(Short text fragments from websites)
● ● ● ● ● ● ●

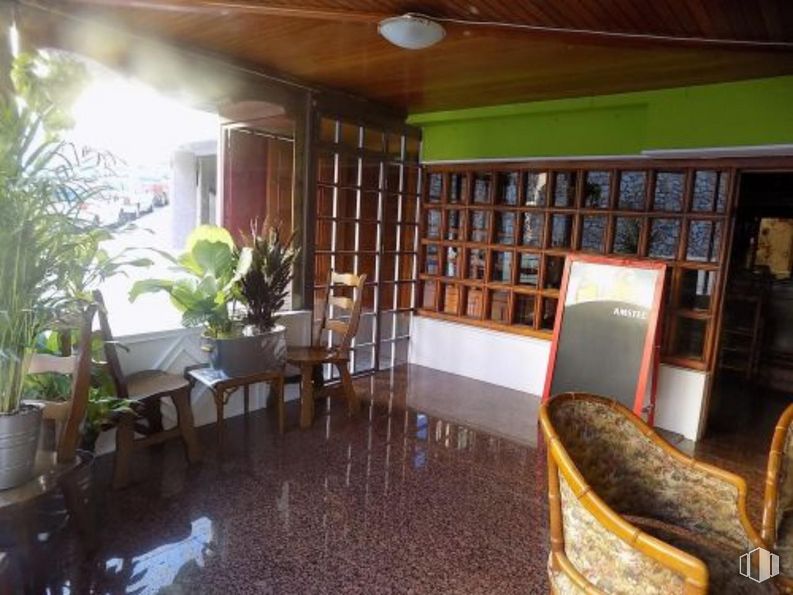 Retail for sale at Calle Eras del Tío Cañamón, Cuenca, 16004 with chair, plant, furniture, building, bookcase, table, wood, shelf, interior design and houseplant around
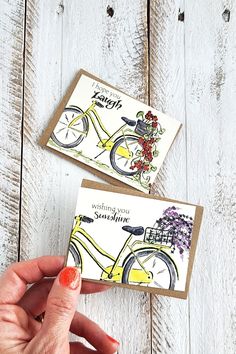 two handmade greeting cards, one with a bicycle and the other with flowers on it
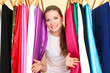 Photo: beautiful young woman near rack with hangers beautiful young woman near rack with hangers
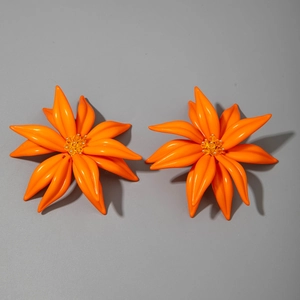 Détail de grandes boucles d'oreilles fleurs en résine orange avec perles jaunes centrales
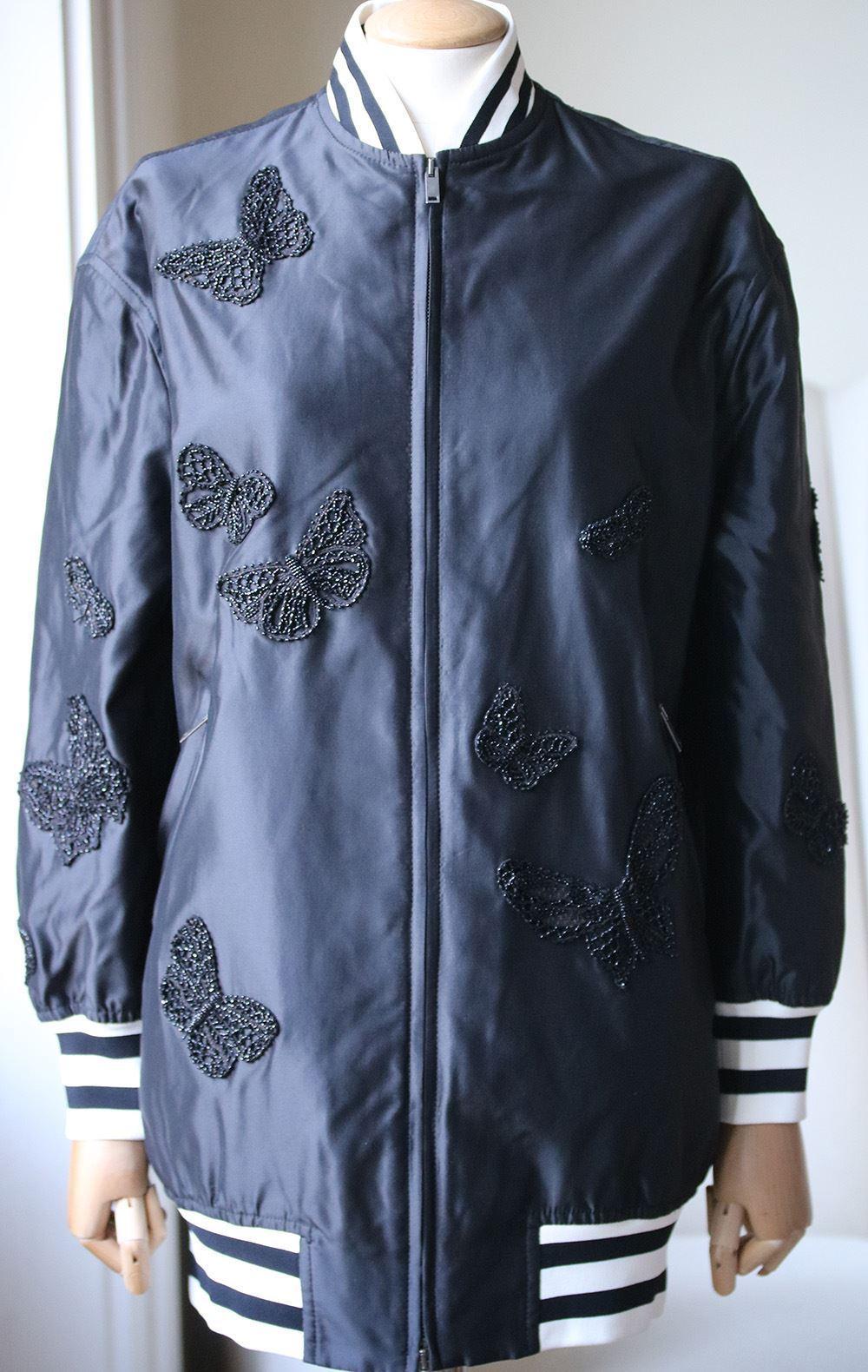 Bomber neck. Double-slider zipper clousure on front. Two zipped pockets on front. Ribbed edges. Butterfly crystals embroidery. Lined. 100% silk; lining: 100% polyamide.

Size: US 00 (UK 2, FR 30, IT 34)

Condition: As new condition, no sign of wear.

● ● ● ● ● ● ●

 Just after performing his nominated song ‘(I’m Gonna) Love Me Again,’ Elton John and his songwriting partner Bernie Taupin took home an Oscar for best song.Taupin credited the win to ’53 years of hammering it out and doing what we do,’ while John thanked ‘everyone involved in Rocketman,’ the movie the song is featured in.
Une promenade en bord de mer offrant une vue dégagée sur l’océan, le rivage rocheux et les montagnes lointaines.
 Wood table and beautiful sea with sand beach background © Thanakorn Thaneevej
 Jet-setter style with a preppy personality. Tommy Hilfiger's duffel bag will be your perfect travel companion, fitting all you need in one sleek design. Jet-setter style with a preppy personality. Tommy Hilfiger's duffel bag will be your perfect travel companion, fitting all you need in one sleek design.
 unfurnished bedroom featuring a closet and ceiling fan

● ● ● ● ● ● ●

Using the data above, print only the lines starting at the one with "Retail for sale" and ending at the one with "Condition: As new condition, no sign of wear.", exactly as they stand, minus the pictures.

 Retail for sale at Calle Eras del Tío Cañamón, Cuenca, 16004 with chair, plant, furniture, building, bookcase, table, wood, shelf, interior design and houseplant around
 two handmade greeting cards, one with a bicycle and the other with flowers on it
 Photo: beautiful young woman near rack with hangers beautiful young woman near rack with hangers
 Détail de grandes boucles d'oreilles fleurs en résine orange avec perles jaunes centrales
 Bomber neck. Double-slider zipper clousure on front. Two zipped pockets on front. Ribbed edges. Butterfly crystals embroidery. Lined. 100% silk; lining: 100% polyamide.

Size: US 00 (UK 2, FR 30, IT 34)

Condition: As new condition, no sign of wear.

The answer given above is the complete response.